In October 2005, I remortgaged my home to invest with my son on a BUY TO LET Property. I put in a 76K towards the purchase price whilst my son paid the stamp duty. The property was totally renovated, building a large fully fitted kitchen, landscaping and paving the garden. Buying of only building material cost 37K. I project managed and did a lot of the work with casual worker. I must have paid around 65K to the casual worker. Unfortunately I do not have receipt. I have a work schedule and evidence of withdrawal in my bank. It took almost 2 yrs to complete the work. When all the work was done, my son gave me 18K toward the purchase and renovation of the house. The property is registered under my name and my son’s as joint owners.
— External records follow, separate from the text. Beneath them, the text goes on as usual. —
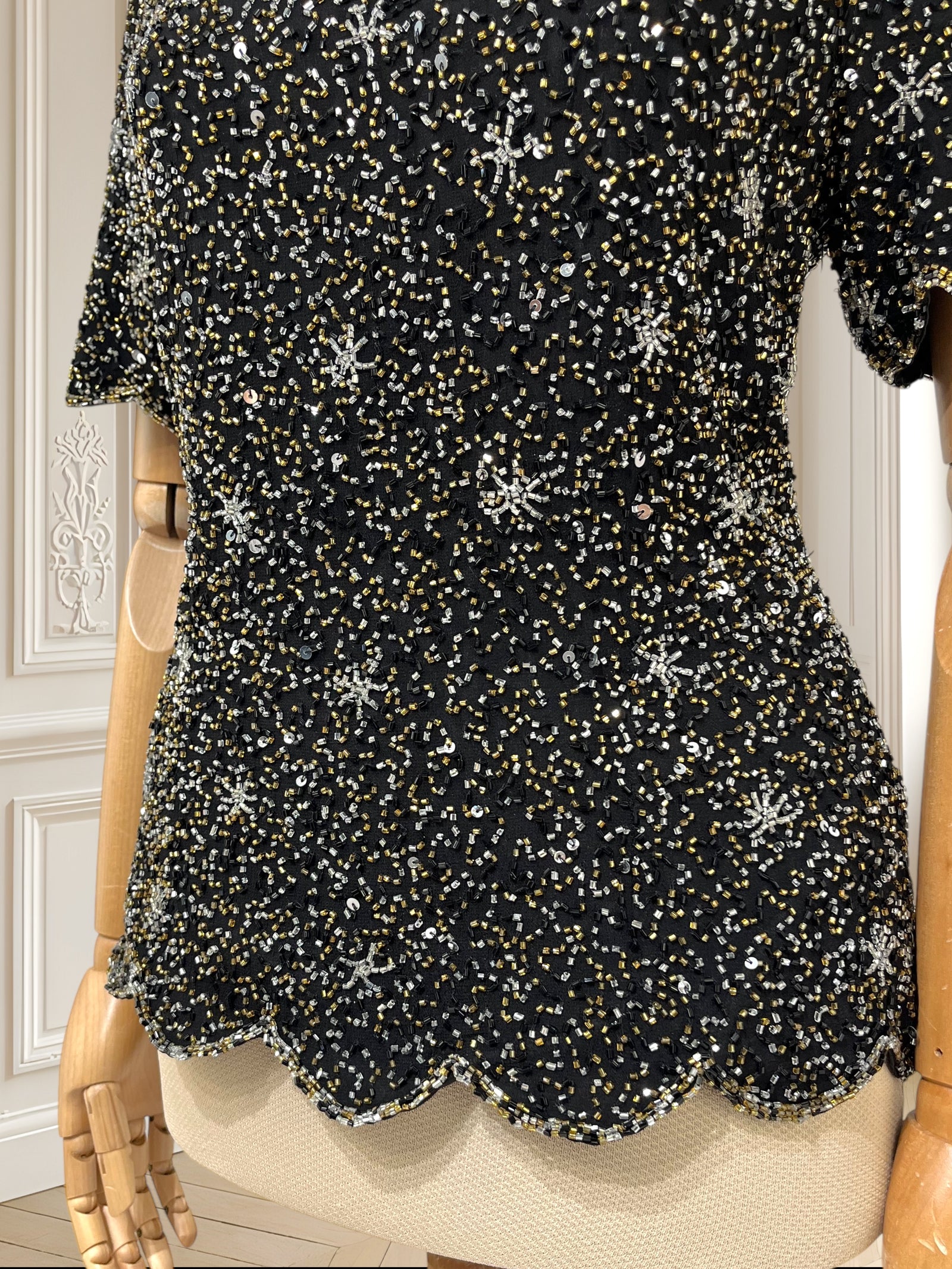 Tricou vintage cu paiete potrivit pentru S/M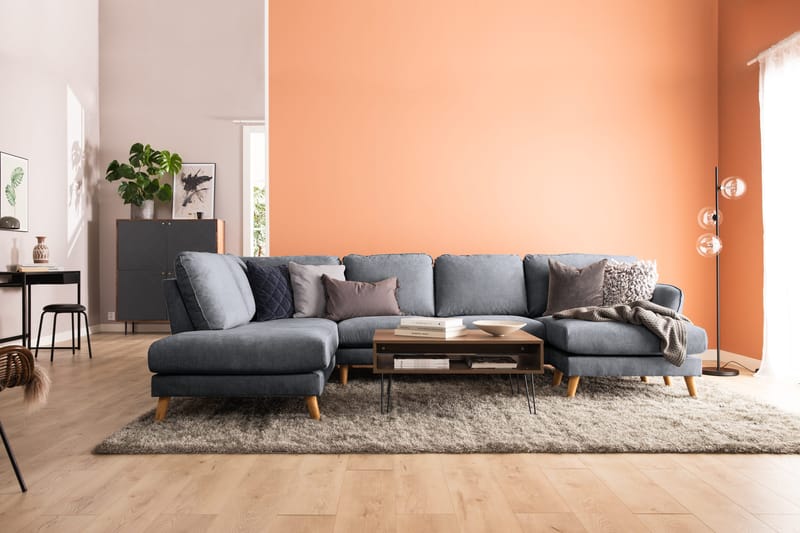 Trend Lyx 4-sits Vänstervänd U-formad Soffa med Divan och Schäslong i Tyg - Mörkgrå - Möbler - Vardagsrum - Soffor - U-soffor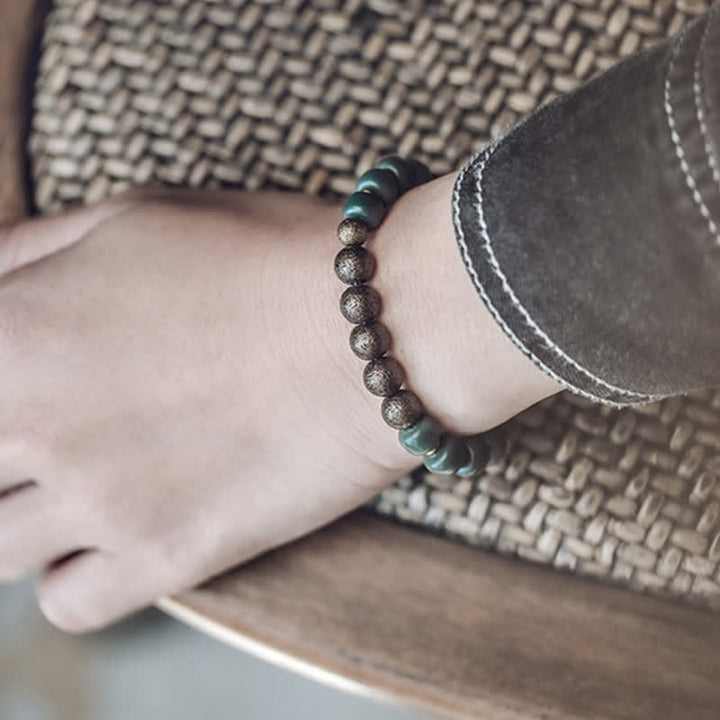 BWOOOH Tibetan Cyan Bodhi Seed Copper Success Bracelet | natural stone spiritual bracelet for healing and mindful living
All the money my son put into the investment was from gifts and savings since he was a child.
My son got married in Feb 2005. He and his wife lived in the parental home for 27 months and did not contribute to any bills as my son paid the interest on the mortgage (250K) on the Buy to let property, whilst I paid interest on the mortgage on my own home. His wife is well educated with good earning potential, only worked sporadically. In 2009 she chose to resign from work and stay at home whilst continuing to spend without consideration. She did not bring anything into the marriage, made no contribution towards the purchase or renovation of the property and was not working at the time the property.
Including interest paid on mortgage of my home, I have invested over 200K whilst my son put in 27k and paid the interest on the loan on the BUY TO LET property in which she has lived with my son for 4 yrs.
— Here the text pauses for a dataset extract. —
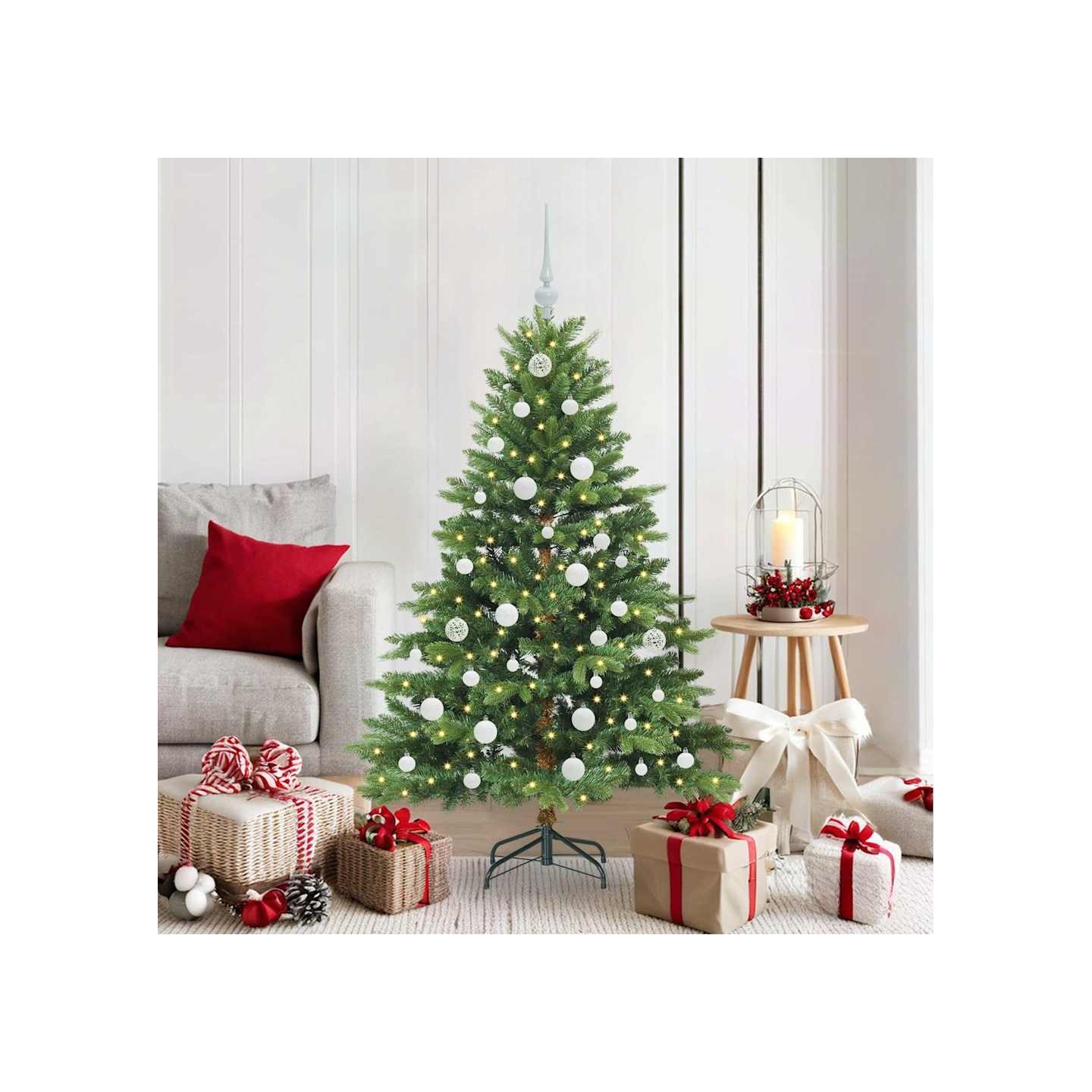 Sapin de Noël artificiel avec 150 LED Vert 150 cm PE et PVC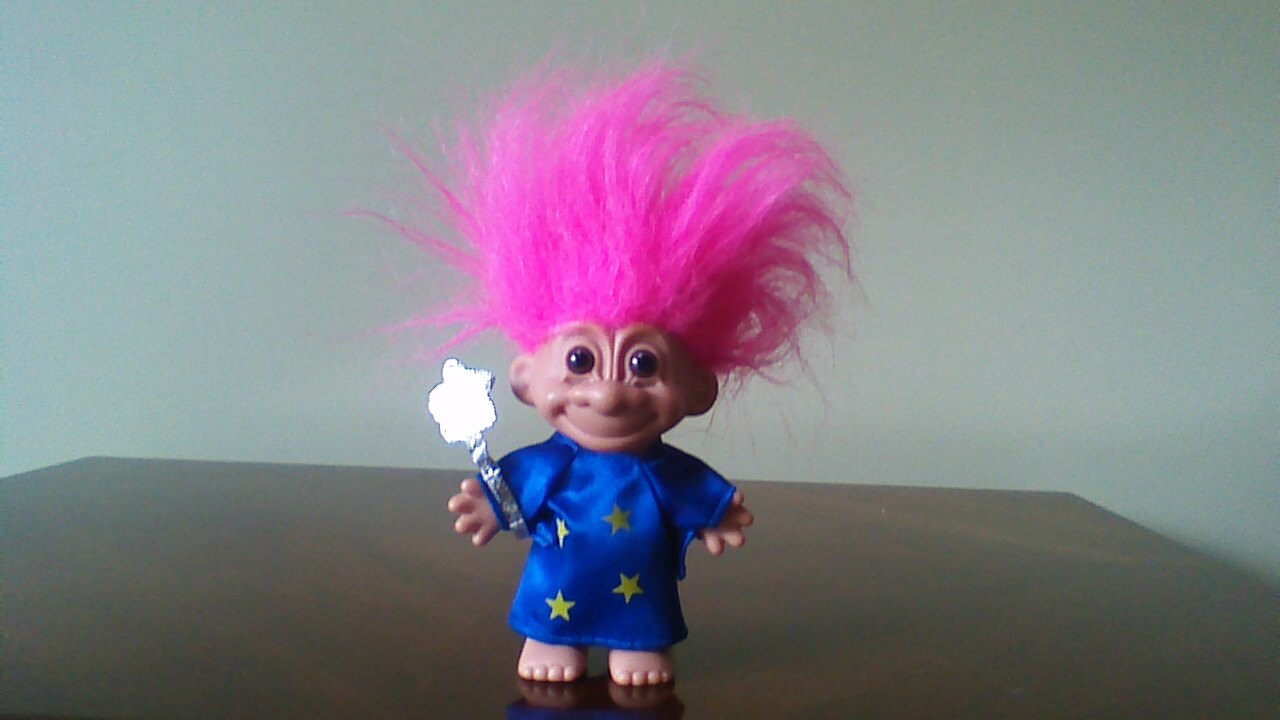 Vintage Russ Troll Doll Magic Wizard Hot Pink Hair Trolls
My son and his wife moved into the property in 2007 and split up in 2011. I have taken over possession of the property and rented it out. Now my son’s wife is now claiming that she has made equal contributions towards the purchase and renovation of the house whilst acknowledging that I have an interest in the property which is now worth around 500k. And is claiming that my son has 50% equity on the property, she is entitled to half of his share and a share of his pension, is suffering from depression and anxiety as a result of which she cannot work and is claiming maintenance.
Any advice/information welcomed and appreciated on (1) dealing with share of interest in the property, (2) case law relevant the situation described (3) pension sharing and (4) maintenance on a short (under 7 yrs) childless marriage. Thank you
I will try and deal with the question of beneficial interest.
The first thing a solicitor would do is to have a look at the title deeds.
You say you are joint owners, but ideally your respective interests in the property should be spelled out. Not to do so could give rise to disputes later.
You need to understand that any claim by your daughter in law can only relate to his share, not yours.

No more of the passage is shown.